20.7.1 M-Estimation and Asymptotic Theory

$M$ -Estimators unify many approaches: maximum likelihood, method of moments, generalized method of moments, and quasi-likelihood estimators. Let $\beta_0$ be the true parameter and define the population criterion function:

$Q(\beta) = \mathbb{E}[m(\beta; X, Y)],$

for some function $m$ . The M-estimator $\hat{\beta}$ solves:

$\hat{\beta} = \arg \max_{\beta \in \Theta} \frac{1}{n} \sum_{i=1}^n m(\beta; X_i, Y_i).$

(Or $\arg \min$ , depending on convention.)

Under regularity conditions (Newey and McFadden 1994; White 1980), we have:

Consistency: $\hat{\beta} \overset{p}{\to} \beta_0$ .
Asymptotic Normality: $\sqrt{n}(\hat{\beta} - \beta_0) \overset{d}{\to} N(0, \Sigma)$ ,

where $\Sigma$ is derived from derivatives of $m(\cdot; \cdot, \cdot)$ and the distribution of $(X, Y)$ .

For prediction, such classical asymptotic properties may be of less interest unless we want to build confidence intervals around predictions. For causal inference, the entire enterprise revolves around these properties to ensure valid inference about $\beta_0$ .

20.7.2 The Danger of Omitted Variables

Consider a structural equation:

$Y = \beta_1 X_1 + \beta_2 X_2 + \varepsilon, \quad \mathbb{E}[\varepsilon \mid X_1, X_2] = 0.$

If we ignore $X_2$ and regress $Y$ on $X_1$ only, the resulting $\hat{\beta}_1$ can be severely biased:

$\hat{\beta}_1 = \arg\min_{b} \sum_{i=1}^n \bigl(y_i - b\,x_{i1}\bigr)^2.$

The expected value of $\hat{\beta}_1$ in large samples is:

$\beta_1 \;+\; \beta_2 \,\frac{\mathrm{Cov}(X_1, X_2)}{\mathrm{Var}(X_1)}.$

This extra term $\displaystyle \beta_2 \,\frac{\mathrm{Cov}(X_1, X_2)}{\mathrm{Var}(X_1)}$ is the omitted variables bias. For prediction, omitting $X_2$ might sometimes be acceptable if $X_2$ has little incremental predictive value or if we only care about accuracy in some domain. However, for inference on $\beta_1$ , ignoring $X_2$ invalidates the causal interpretation.

20.7.3 Cross-Validation vs. Statistical Testing

Cross-Validation: Predominantly used in prediction tasks. We split the data into training and validation sets, measure out-of-sample error, and select hyperparameters that minimize CV error.
Statistical Testing: Predominantly used in inference tasks. We compute test statistics (e.g., $t$ -test, Wald test), form confidence intervals, or test hypotheses about parameters ( $H_0: \beta_j = 0$ ).

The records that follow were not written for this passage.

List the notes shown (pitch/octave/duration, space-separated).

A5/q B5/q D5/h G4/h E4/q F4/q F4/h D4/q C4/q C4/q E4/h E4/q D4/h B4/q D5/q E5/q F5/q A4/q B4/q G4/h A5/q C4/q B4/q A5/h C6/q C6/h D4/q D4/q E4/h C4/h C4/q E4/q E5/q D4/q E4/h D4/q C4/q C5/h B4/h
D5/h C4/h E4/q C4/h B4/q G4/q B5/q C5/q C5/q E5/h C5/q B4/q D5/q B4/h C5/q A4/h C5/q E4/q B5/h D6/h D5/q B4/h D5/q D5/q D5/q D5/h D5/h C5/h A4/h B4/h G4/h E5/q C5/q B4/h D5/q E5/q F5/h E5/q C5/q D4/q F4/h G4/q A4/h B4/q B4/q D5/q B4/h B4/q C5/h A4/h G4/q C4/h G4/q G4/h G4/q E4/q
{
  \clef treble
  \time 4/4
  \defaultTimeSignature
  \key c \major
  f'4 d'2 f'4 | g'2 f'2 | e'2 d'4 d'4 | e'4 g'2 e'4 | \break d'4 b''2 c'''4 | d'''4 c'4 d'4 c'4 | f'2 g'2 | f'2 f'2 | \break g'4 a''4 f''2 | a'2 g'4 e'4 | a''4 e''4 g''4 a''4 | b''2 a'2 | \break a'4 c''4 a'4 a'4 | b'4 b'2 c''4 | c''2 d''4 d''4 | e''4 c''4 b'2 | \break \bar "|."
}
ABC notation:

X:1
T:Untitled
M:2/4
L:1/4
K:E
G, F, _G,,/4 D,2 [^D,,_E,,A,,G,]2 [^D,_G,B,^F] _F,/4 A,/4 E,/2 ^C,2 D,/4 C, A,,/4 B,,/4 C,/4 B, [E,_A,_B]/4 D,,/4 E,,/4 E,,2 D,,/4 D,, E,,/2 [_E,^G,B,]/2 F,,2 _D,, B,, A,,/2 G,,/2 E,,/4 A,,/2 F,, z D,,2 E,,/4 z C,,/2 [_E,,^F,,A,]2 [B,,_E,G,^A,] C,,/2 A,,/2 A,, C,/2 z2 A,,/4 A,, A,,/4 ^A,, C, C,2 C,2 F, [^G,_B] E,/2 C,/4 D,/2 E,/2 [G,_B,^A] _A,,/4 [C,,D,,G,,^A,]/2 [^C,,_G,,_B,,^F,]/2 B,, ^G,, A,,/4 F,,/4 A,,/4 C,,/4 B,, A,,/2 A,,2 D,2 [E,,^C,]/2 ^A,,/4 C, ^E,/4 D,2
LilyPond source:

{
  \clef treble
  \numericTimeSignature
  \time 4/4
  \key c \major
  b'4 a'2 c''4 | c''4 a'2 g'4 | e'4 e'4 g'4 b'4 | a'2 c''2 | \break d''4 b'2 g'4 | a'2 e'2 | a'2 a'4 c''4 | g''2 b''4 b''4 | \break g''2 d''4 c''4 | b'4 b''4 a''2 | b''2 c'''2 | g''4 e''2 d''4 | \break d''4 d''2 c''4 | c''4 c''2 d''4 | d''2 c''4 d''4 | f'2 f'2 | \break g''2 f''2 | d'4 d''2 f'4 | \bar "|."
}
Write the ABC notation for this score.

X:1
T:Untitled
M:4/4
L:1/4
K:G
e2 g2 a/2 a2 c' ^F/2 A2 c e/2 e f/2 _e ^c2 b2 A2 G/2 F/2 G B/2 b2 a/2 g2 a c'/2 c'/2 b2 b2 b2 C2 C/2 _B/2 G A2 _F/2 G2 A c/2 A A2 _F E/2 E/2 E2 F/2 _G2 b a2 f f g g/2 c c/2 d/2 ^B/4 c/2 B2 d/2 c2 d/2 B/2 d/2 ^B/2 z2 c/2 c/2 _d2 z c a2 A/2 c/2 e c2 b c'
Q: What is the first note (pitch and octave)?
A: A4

They serve different objectives:

CV is about predictive model selection.
Testing is about scientific or policy conclusions on whether $\beta_j$ differs from zero (i.e., “Does a particular variable have a causal effect?”).

References

Newey, Whitney K, and Daniel McFadden. 1994. “Large Sample Estimation and Hypothesis Testing.” Handbook of Econometrics 4: 2111–2245.

White, Halbert. 1980. “A Heteroskedasticity-Consistent Covariance Matrix Estimator and a Direct Test for Heteroskedasticity.” Econometrica: Journal of the Econometric Society, 817–38.